RIAA defendant targets Kazaa in new lawsuit
12/7/2006 3:40:27 PM
File-sharing litigation took an unexpected twist yesterday with the filing of a lawsuit against Sharman Networks, creators of the P2P file-sharing application Kazaa. The plaintiff, Catherine Lewan, was herself a defendant in one of the many file-sharing lawsuits brought by the RIAA. She was sued by Sony BMG in April 2006 and ended up paying a settlement to resolve the litigation.
Lewan seeks class-action status for the lawsuit, which accuses Sharman Networks of deceptive marketing and installing additional spyware on users' computers for "nefarious purposes." Lewan also alleges negligence, consumer fraud, and deceptive trade practices in her complaint.
The lawsuit says Kazaa led Lewan and countless other defendants straight down the unwholesome road of copyright infringement by "deceptively" marketing its use as legal. Lewan accuses Sharman Networks of marketing the application in this manner despite knowing that most users would use it to "catalog and store" music and video files and that once the catalog was created, the application would deposit them in a "share folder" and make them available for download by other users of the network.
According to Lewan, all this sharing was done without the user's consent in order to build traffic on the Kazaa network and increase the company's advertising revenues.
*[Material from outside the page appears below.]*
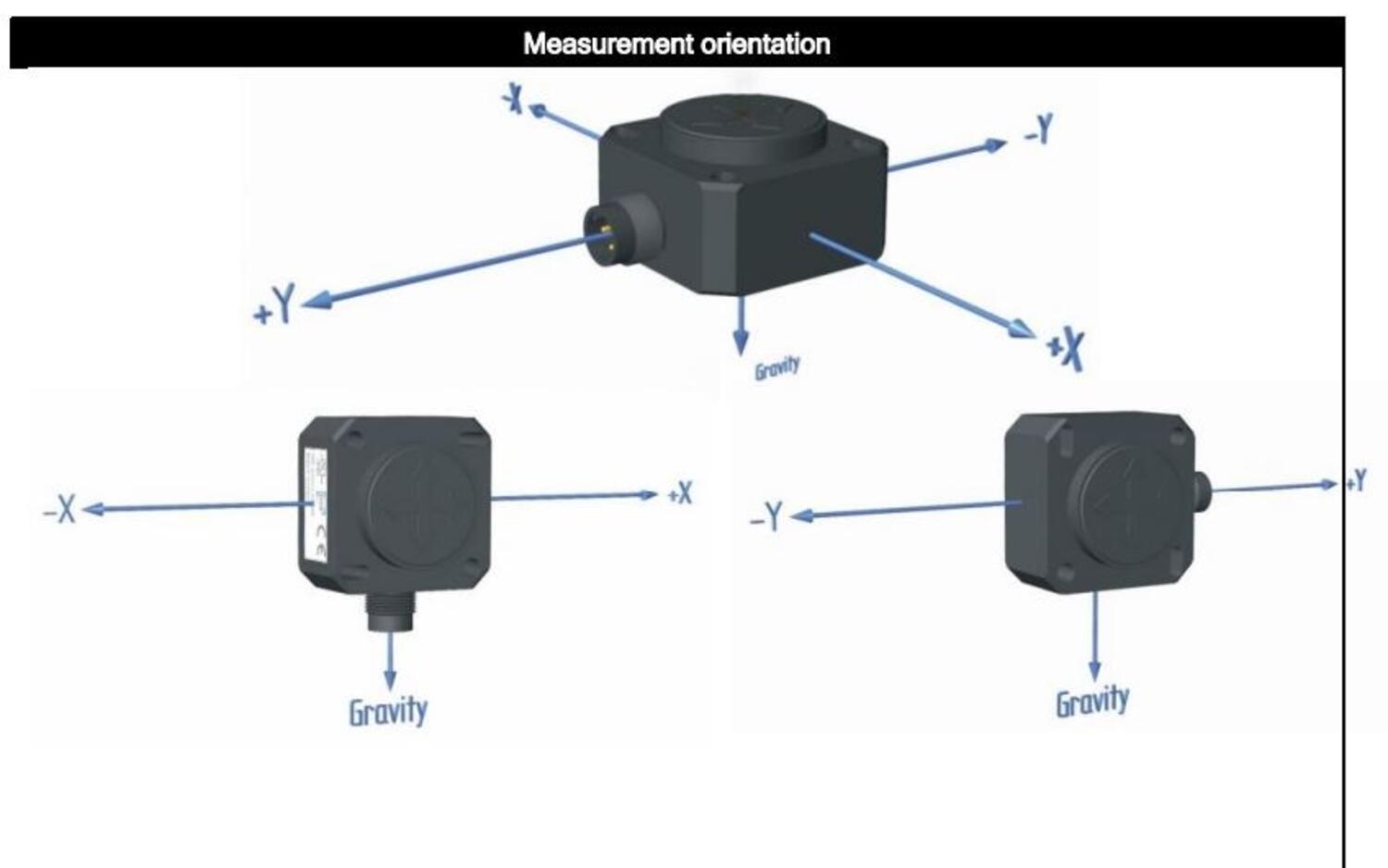 SIL-turvahyväksytty pulssianturi, kytkentäkuva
In July, Sharman Networks agreed to a global settlement covering all litigation filed against it by the MPAA, RIAA, and the International Federation of the Phonographic Industry. The $115 million-plus settlement is the latest triumph for the recording and movie industries in their attempts to be compensated by the creators of P2P networks and applications for acts of copyright infringement carried out by their users.
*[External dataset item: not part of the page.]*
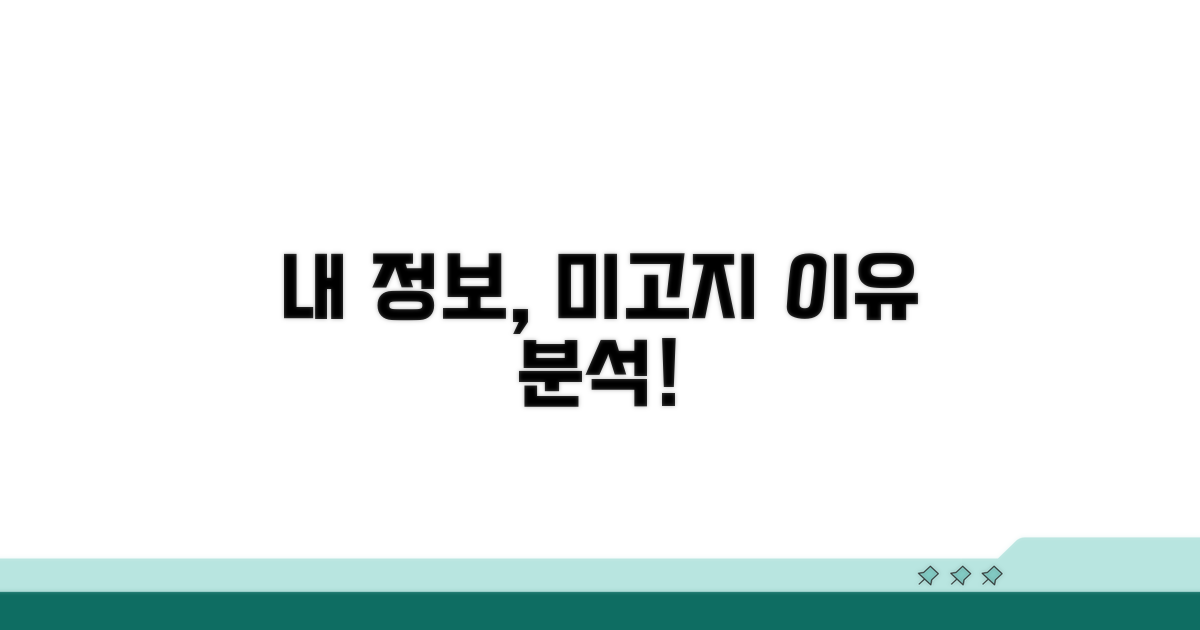 내 정보는 소중해요, 미고지 이유 분석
The 2005 MGM v. Grokster ruling made such settlements inevitable. That Supreme Court ruling held that "one who distributes a device with the object of promoting its use to infringe copyright" is liable for the resulting acts of infringement by users of the device. Sharman Networks' settlement may also have the effect of "immunizing" those found to have infringed on the music industry's copyrights from having to pay monetary settlements. RIAA defendant David Greubel argues that the settlement means that RIAA has been "fully satisfied for any liability and damages" due to his alleged conduct; that argument has since been echoed by other defendants.
An RIAA spokesperson told Ars, "This kind of action was bound to happen. We're just surprised it hasn't happened sooner and hasn't happened to a company like Limewire, which is engaged in this activity today."
Attorney Ray Beckerman, who maintains Recording Industry vs The People, told Ars Technica that he would not be surprised to see Sharman Networks increasingly dragged into the RIAA's file sharing lawsuits, with defendants filing "third-party practices" against the creators of Kazaa in response to file sharing lawsuits.